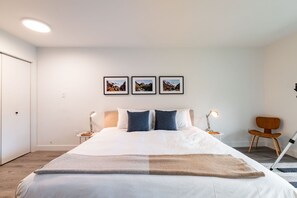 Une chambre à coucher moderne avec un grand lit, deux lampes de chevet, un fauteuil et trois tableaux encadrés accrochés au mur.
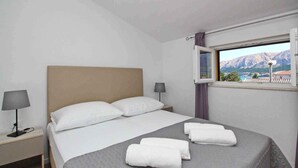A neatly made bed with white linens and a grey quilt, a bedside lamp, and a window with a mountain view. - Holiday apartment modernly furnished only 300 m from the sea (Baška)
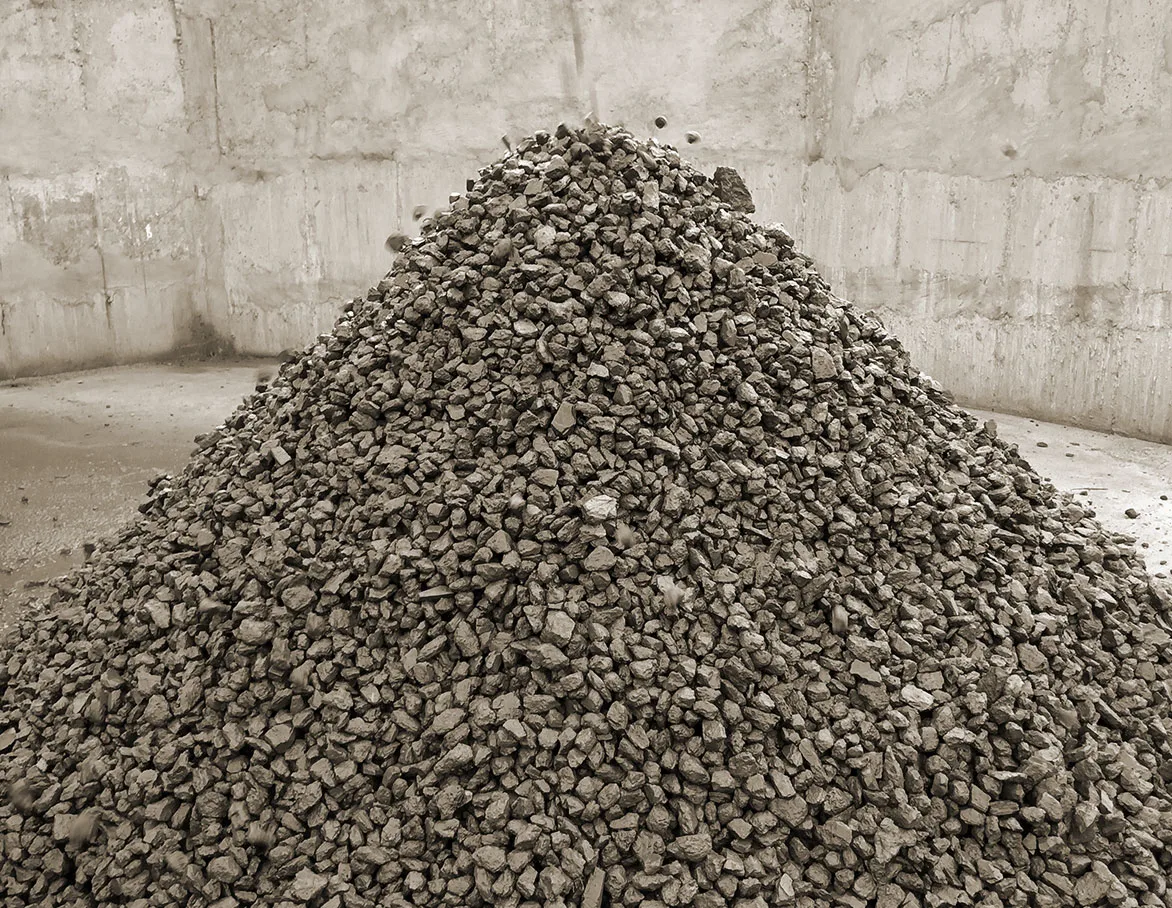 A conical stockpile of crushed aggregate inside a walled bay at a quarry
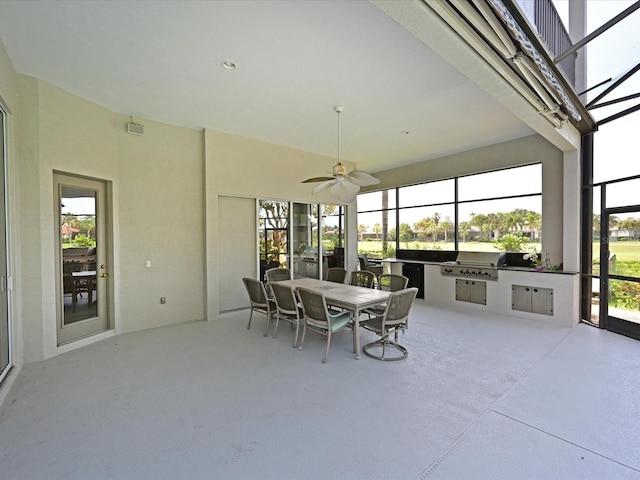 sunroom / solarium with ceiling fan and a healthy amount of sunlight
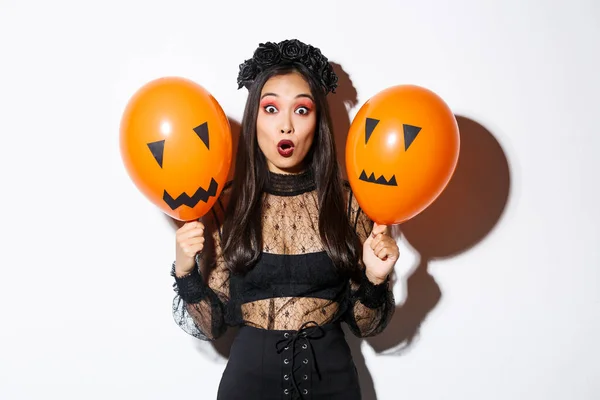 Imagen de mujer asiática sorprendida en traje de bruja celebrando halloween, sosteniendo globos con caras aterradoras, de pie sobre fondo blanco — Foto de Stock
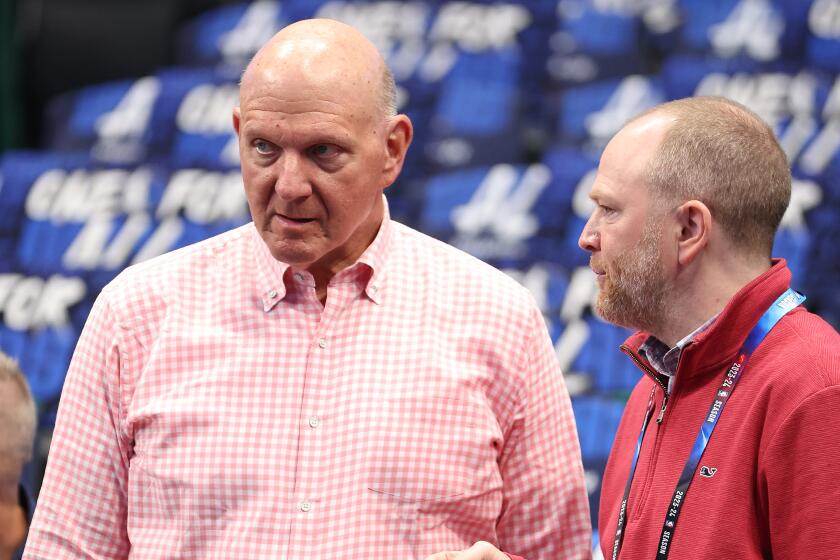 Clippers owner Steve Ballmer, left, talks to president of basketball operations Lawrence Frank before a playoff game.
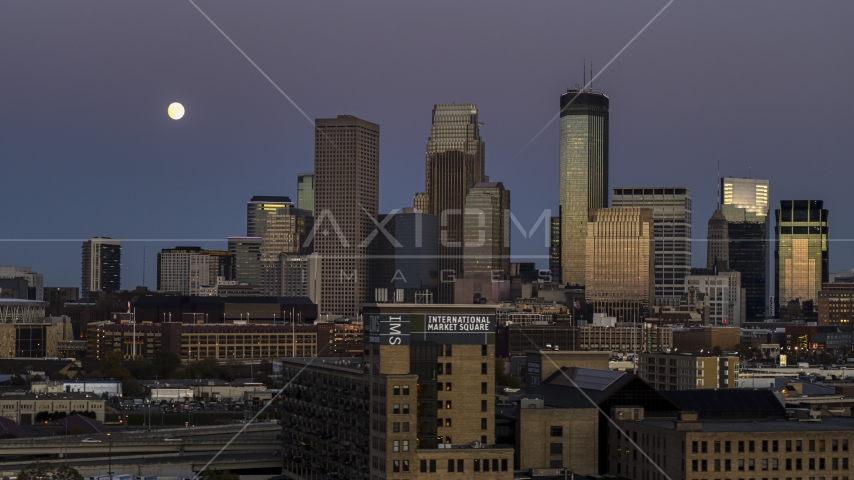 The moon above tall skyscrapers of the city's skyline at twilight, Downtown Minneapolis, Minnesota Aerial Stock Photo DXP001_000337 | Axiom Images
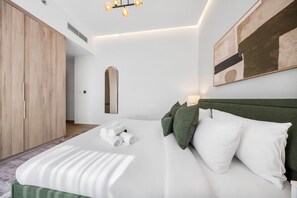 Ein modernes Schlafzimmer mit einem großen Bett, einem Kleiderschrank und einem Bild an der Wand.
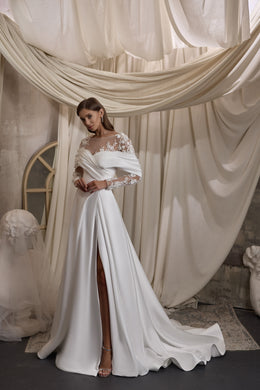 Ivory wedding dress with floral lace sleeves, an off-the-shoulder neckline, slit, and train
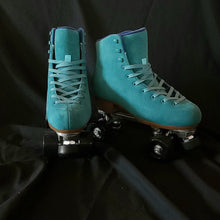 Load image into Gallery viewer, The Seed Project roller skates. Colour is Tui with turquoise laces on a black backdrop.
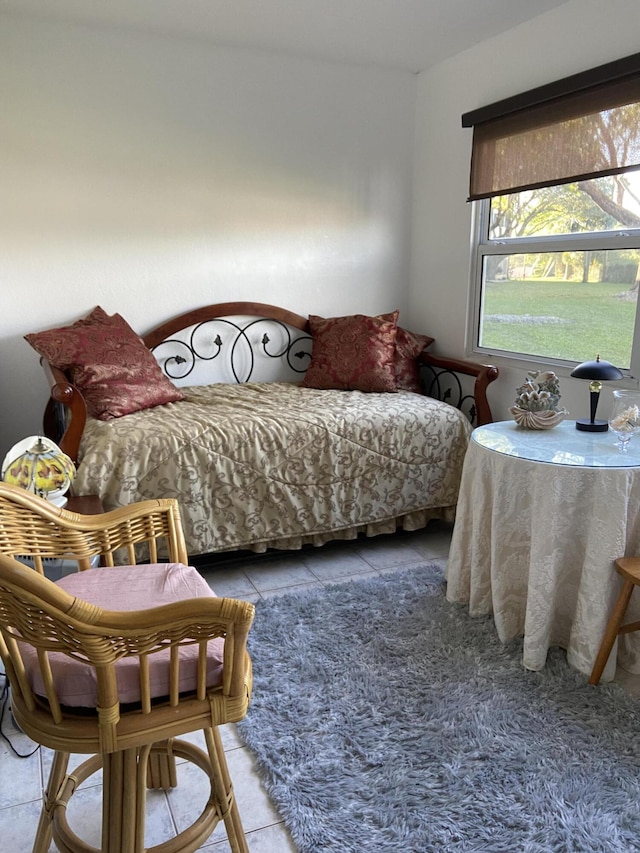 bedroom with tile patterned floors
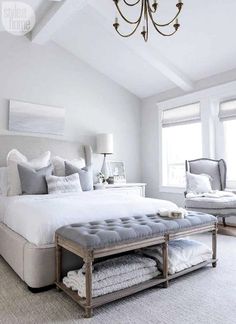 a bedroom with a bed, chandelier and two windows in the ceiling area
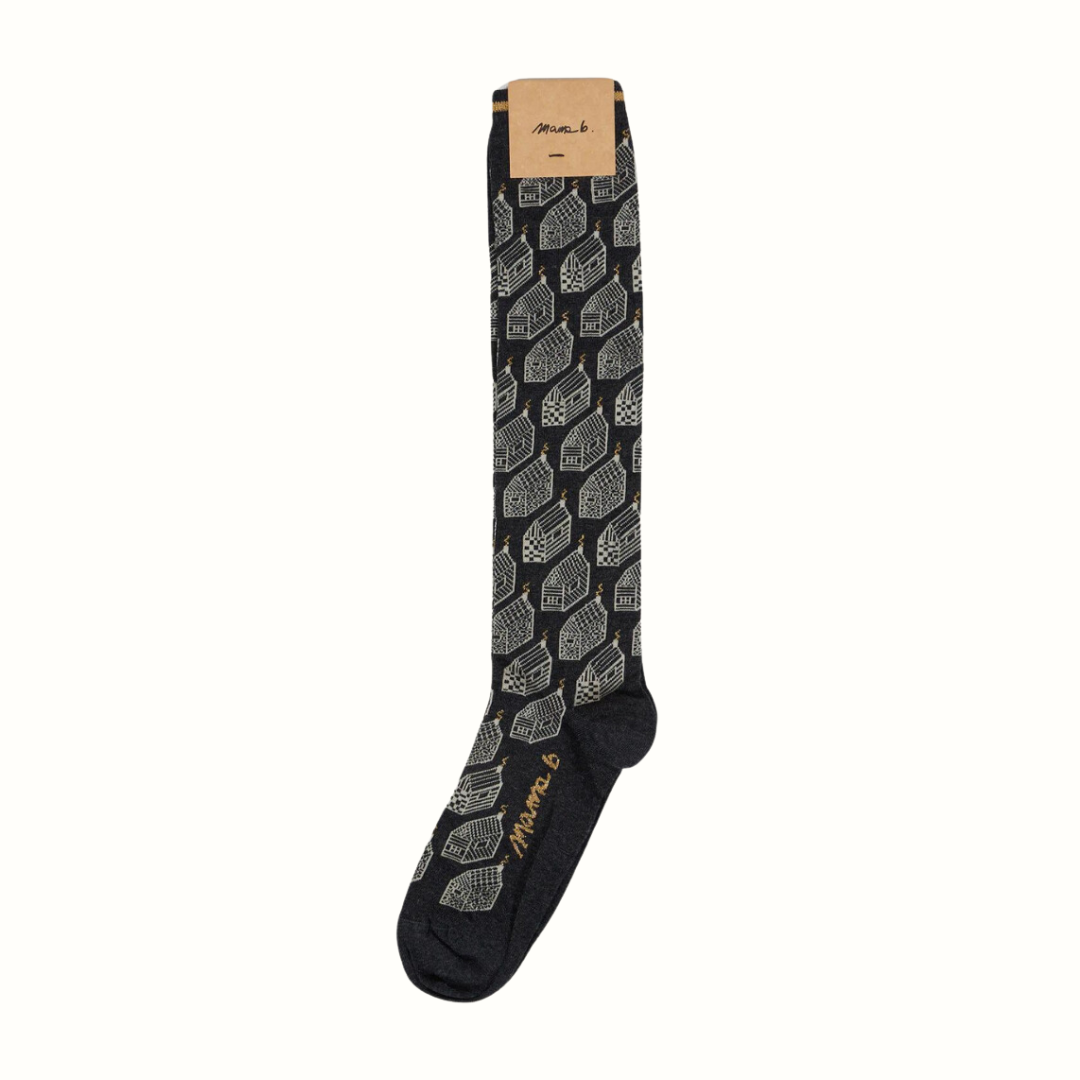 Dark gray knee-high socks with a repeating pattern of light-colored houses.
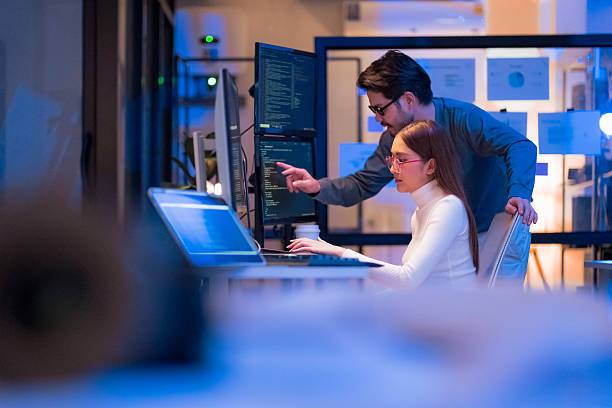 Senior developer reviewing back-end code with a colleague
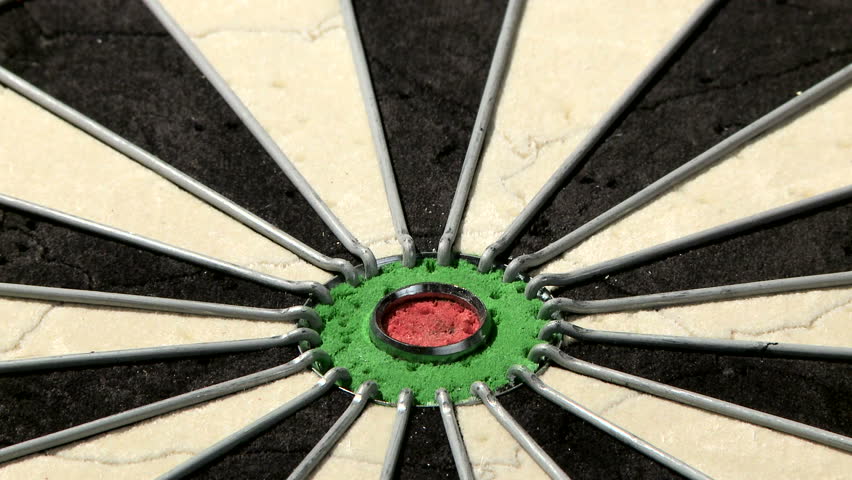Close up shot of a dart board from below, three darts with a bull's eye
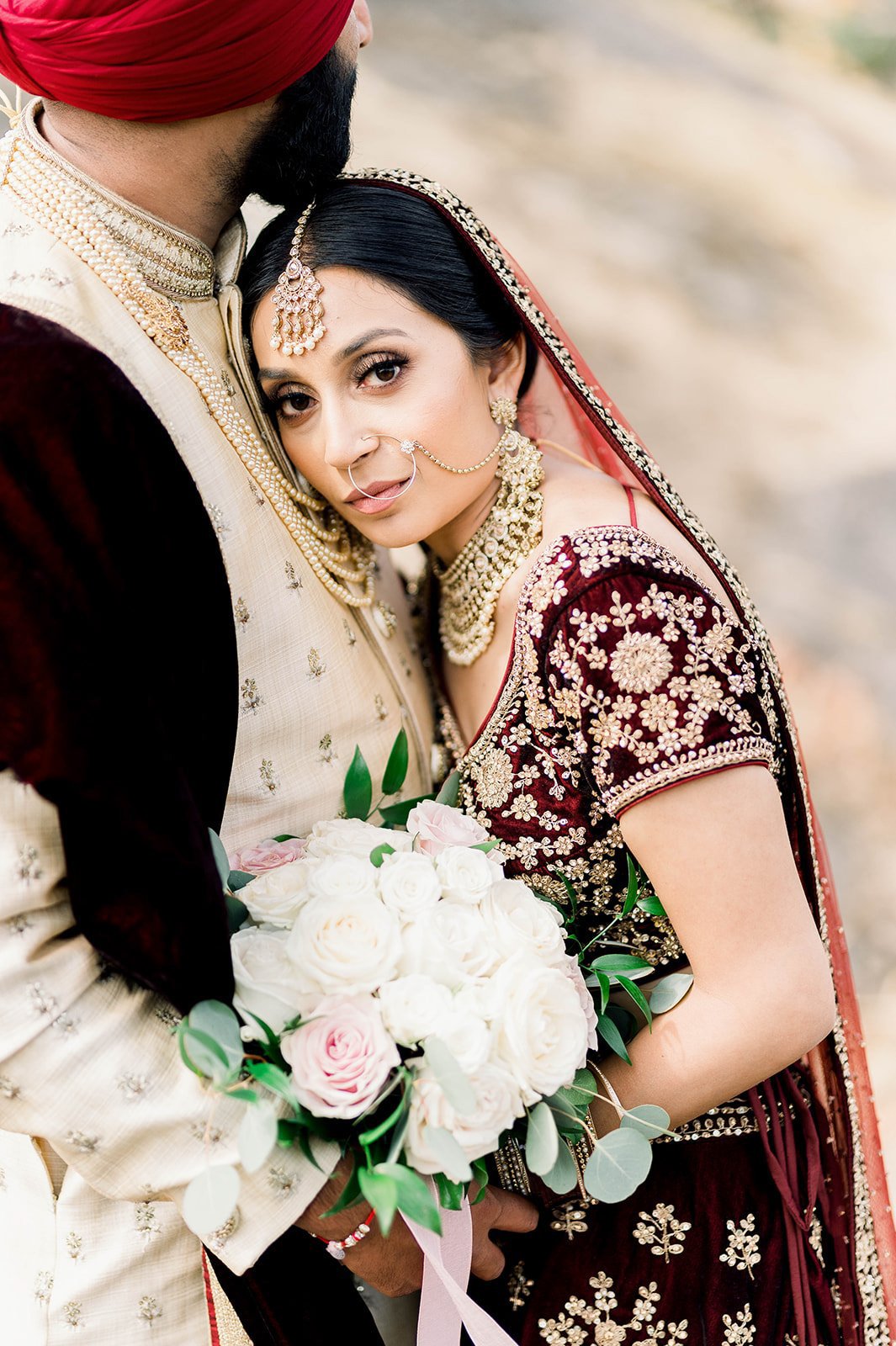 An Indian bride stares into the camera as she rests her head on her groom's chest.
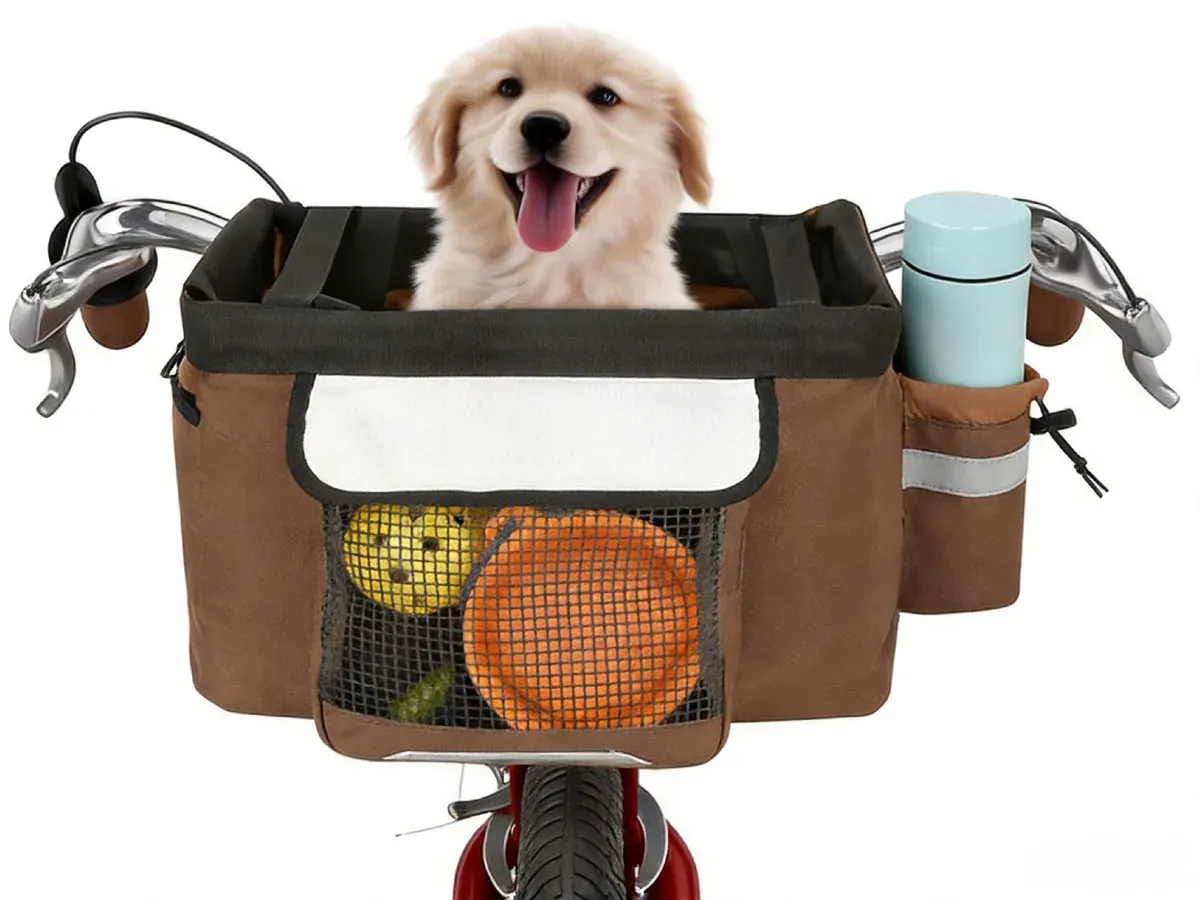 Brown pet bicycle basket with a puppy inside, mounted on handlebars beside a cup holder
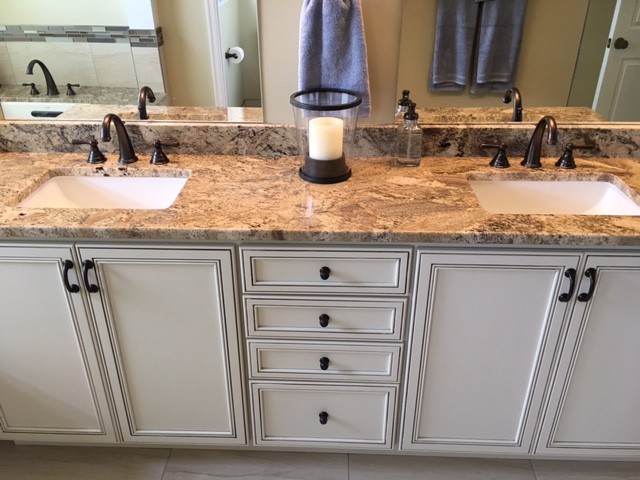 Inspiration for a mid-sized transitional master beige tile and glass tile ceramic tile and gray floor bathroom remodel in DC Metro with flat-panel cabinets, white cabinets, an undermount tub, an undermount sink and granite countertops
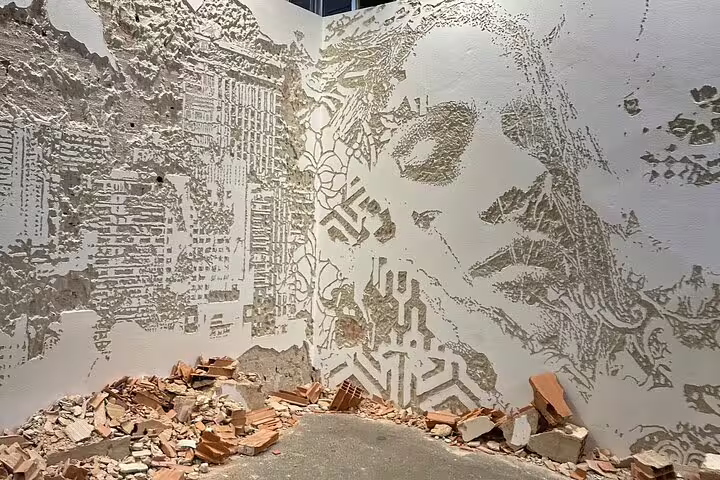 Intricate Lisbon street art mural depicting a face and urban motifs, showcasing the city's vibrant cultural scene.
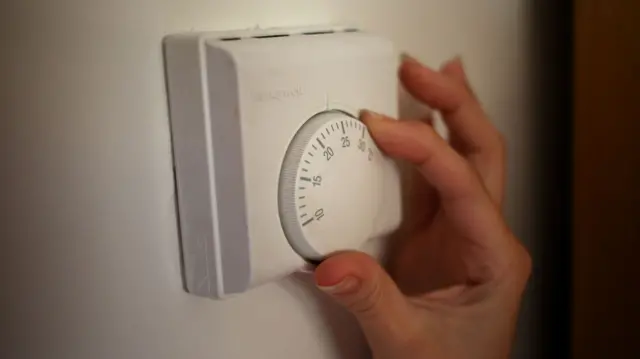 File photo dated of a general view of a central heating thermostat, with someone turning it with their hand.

□ □ □ □ □ □ □

> _Instructions for the task_: Pictures excluded, output exactly the line that contains "a bedroom with" and every line after it to the end of the data above.

> _Answer box_:
 a bedroom with a bed, chandelier and two windows in the ceiling area
 Dark gray knee-high socks with a repeating pattern of light-colored houses.
 Senior developer reviewing back-end code with a colleague
Close up shot of a dart board from below, three darts with a bull's eye
 An Indian bride stares into the camera as she rests her head on her groom's chest.
 Brown pet bicycle basket with a puppy inside, mounted on handlebars beside a cup holder
 Inspiration for a mid-sized transitional master beige tile and glass tile ceramic tile and gray floor bathroom remodel in DC Metro with flat-panel cabinets, white cabinets, an undermount tub, an undermount sink and granite countertops
 Intricate Lisbon street art mural depicting a face and urban motifs, showcasing the city's vibrant cultural scene.
 File photo dated of a general view of a central heating thermostat, with someone turning it with their hand.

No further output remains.